ABSTRACT: Common ownership (also called horizontal shareholding) refers to a stock investor’s owner-ship of minority stakes in multiple competing firms. Recent empirical studies have purported to show that institutional investors’ common ownership reduces competition among commonly owned competitors. This Article considers the legality of “mere” common ownership—horizontal shareholding that is not accompanied by any sort of illicit agreement (e.g., a hub-and-spoke conspiracy) or the holding of control-conferring shares—under the U.S. antitrust laws. Prominent antitrust scholars and the leading treatise have concluded that mere common ownership that has the incidental effect of lessening market competition may violate both Clayton Act Section 7 and Sherman Act Section 1. This Article demonstrates otherwise. Competition-lessening instances of mere common ownership do not violate Section 7 because they fall within the provision’s “solely for investment” exemption, which the scholars calling for condemnation have misinterpreted.
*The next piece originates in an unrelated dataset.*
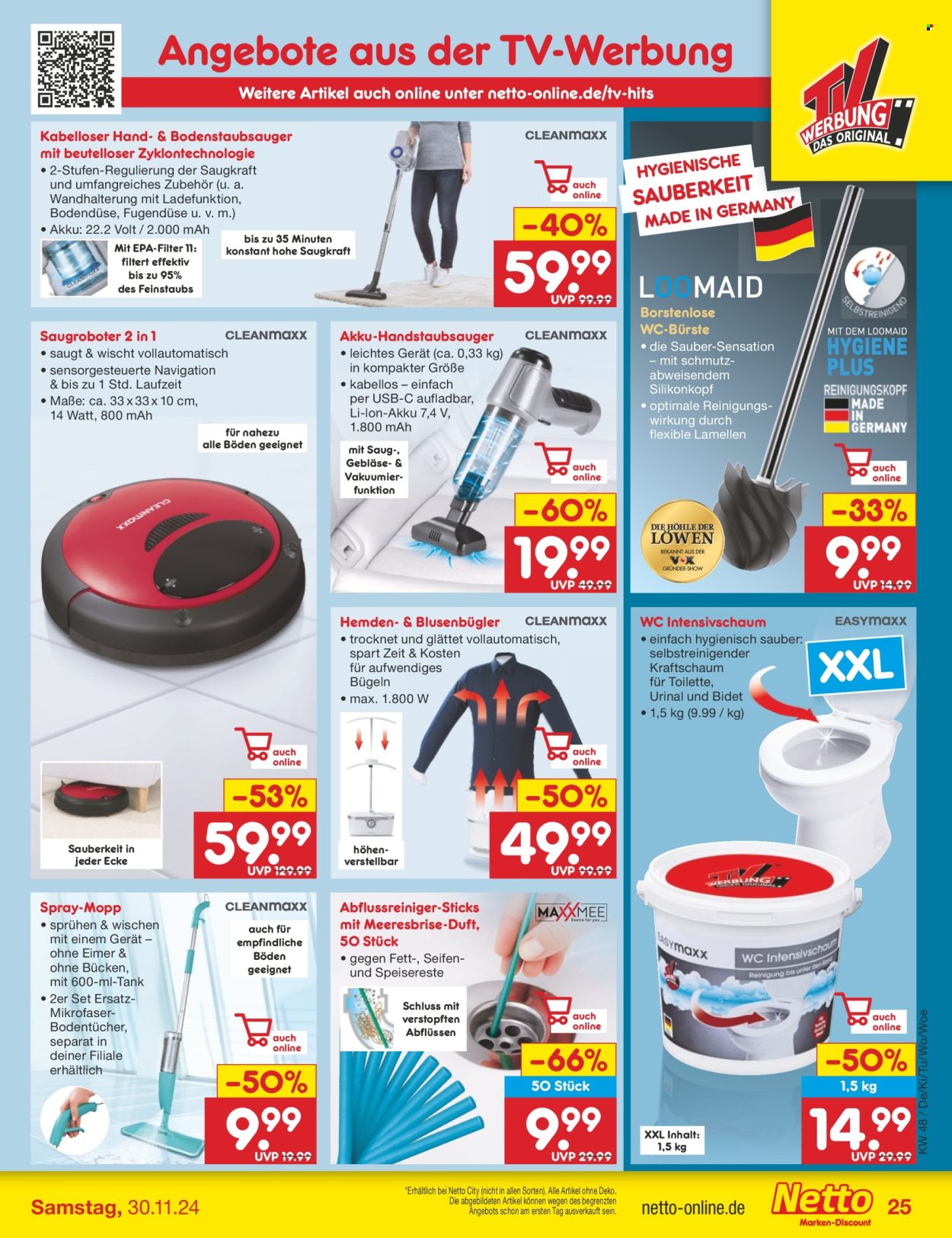 Netto Marken-Discount Prospekte  - 25.11.2024 - 30.11.2024. Seite 33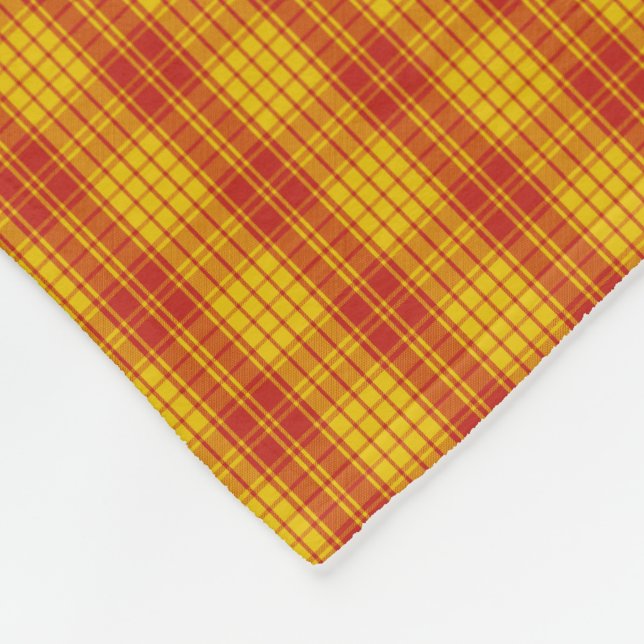 ClanMacMillanTartan Fleecedecke (Ecke)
Mere common ownership does not run afoul of Section 1 because it lacks the sort of agreement (contract, combination, or conspiracy) required for liability under that provision. From a social welfare standpoint, these legal outcomes are desirable. Condemning mere common ownership under the antitrust laws would likely entail significant marginal costs, while the marginal benefits such condemnation would secure are speculative. Accordingly, courts and enforcers should not, on the current empirical record, stretch the antitrust laws to condemn mere common ownership.